How is that not scary? Seriously.
Such targeted advertising is used to influence and manipulate you while you’re online. Mac360’s Wil Gomez thinks such “Targeted Advertising Should Be Illegal” and if there is enough outcry it will be.
Advertisers may disagree, but after having been tracked and stalked incessantly for the past decade by the likes of Google, Facebook, and others of similar ilk, their advertising still sucks. Hey, advertisers, just because I searched Google for CBD oil doesn’t mean I need it by the gallon. Hey, Amazon, just because I bought a scissor jack doesn’t mean I’m starting a collection.
By comparison, what information does Google collect about you? Fried:
- The terms you search for.
- The videos you watch.
- Voice and audio information when you use audio features.
- Purchase activity.
- People with whom you communicate or share content.
- Activity on third-party sites and apps that use Google services.

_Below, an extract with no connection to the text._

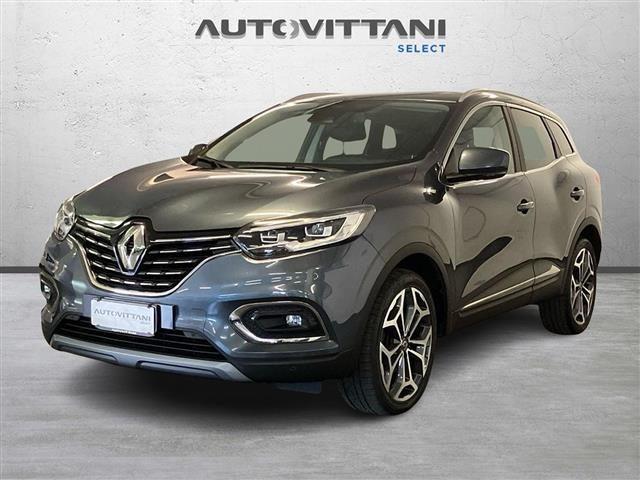 RENAULT Kadjar 1.5 Blue dCi Intens EDC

- The ads and content you view on Google’s sites, as well as interactions with that content.
- Chrome browsing history you’ve synced with your Google Account.
- Location data, which Google can either gather directly via GPS data or infer from other sensors and data, including IP addresses, nearby Wi-Fi routers and Bluetooth beacons.
Is that not sufficient information for Google to run a successful advertising business? Facebook works much the same way and between the two own more than half of all online advertising.
Can you understand why I refuse to use Google’s Chrome browser, and why it is sad that Microsoft has abandoned its own browser to use Google’s Chromium platform? Can you understand why I complain about Apple collecting billions in profits from Google each year to keep the search engine giant the default search on Safari’s one billion users?
Fried has a good list of options if you want to avoid Google’s collection agency, but it may be too late.